No IM-ERA may purchase an equity security or derivative of an equity security that is “new” to
DSM (i.e., such security is not on DSM’s Research List nor has it been purchased previously for
DSM clients) without approval by the CCO.

Derivative Investments

IM-ERAs may take a position in options on stocks held in model portfolios, but may only
purchase or sell them if the underlying stock could be purchased or sold subject to IM-ERA
rules.

Process

Trades for IM-ERAs in equity securities already owned in a model portfolio normally are
executed after 3:00 p.m. If a client-specific trade is executed after an IM-ERA has executed a
trade in the same shares, the CCO will review the situation.

Client-specific transactions as well as transactions intended to effectuate contributions to and/or
withdrawals from client accounts (as opposed to a model portfolio transaction) are generally not
considered by DSM in determining whether to grant pre-approval for personal securities
transactions in IM-ERAs. However, the CCO will review situations in which DSM employees
purchase or sell securities while trades are occurring for such accounts.

Non-Supervised Person Employee-Related Accounts

Employees shall bring to the attention of the CCO accounts of family household members over
which the employee does not have control. The CCO shall determine whether any such accounts
shall be deemed to be Employee-Related Accounts.

DSM REQUIRES THAT ALL EMPLOYEES ACT IN ACCORDANCE WITH ALL APPLICABLE FEDERAL AND STATE REGULATIONS GOVERNING REGISTERED INVESTMENT ADVISORY PRACTICES. ANY EMPLOYEE NOT IN OBSERVANCE OF THE ABOVE POLICIES AND PROCEDURES MAY BE SUBJECT TO TERMINATION.
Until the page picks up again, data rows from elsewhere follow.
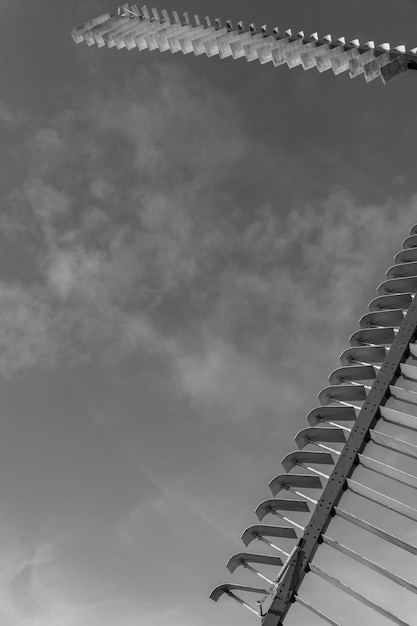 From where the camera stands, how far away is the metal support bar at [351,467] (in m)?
7.00

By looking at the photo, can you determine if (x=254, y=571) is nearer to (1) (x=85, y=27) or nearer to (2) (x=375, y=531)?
(2) (x=375, y=531)

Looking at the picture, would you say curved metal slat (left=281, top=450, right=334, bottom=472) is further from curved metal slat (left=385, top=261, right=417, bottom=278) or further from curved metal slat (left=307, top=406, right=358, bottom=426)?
curved metal slat (left=385, top=261, right=417, bottom=278)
VI. GIFTS AND ENTERTAINMENT

Giving, receiving, or soliciting gifts in a business setting may create an appearance of
impropriety or may raise potential conflicts of interest. DSM has adopted the policy and
procedures set forth below to guide Access Persons in this area.

General Policy

DSM’s policy with respect to gifts and entertainment is as follows:






Access Persons should not accept or provide any gifts or favors that might influence the
decisions they or the recipient must make in business transactions involving DSM, or that
others might reasonably believe would influence those decisions;
Modest gifts and favors, which would not be regarded by others as improper, may be
accepted or given on an occasional basis; entertainment that satisfies these requirements
and conforms to generally accepted business practices also is permissible, and
Where there is a law or rule that applies to specific conduct within the investment
management profession or that prohibits the acceptance of gifts of even nominal value,
that law or rule must be followed.

Reporting Requirements

All gifts and entertainment/dining are to be reported to DSM’s CCO.

Any Access Person who accepts, directly or indirectly, anything of value from any person
or entity that does business with or on behalf of DSM, including gifts and gratuities, with
a cumulative value in excess of $250 per year from one source, must obtain consent from
the CCO before accepting such gift.

The reporting and pre-approval requirements do not apply to bona fide dining or bona
fide entertainment if, during such dining or entertainment, an Access Person is
accompanied by the person or representative of the entity that does business with DSM.
The reporting requirements are for the purpose of helping DSM monitor the activities of its
employees. However, the reporting of a gift or entertainment does not relieve any Access Person
from the obligations and policies set forth in this section or anywhere else in this Code. Access
Persons should consult with the CCO regarding any questions or concerns about the
appropriateness of any gift or entertainment.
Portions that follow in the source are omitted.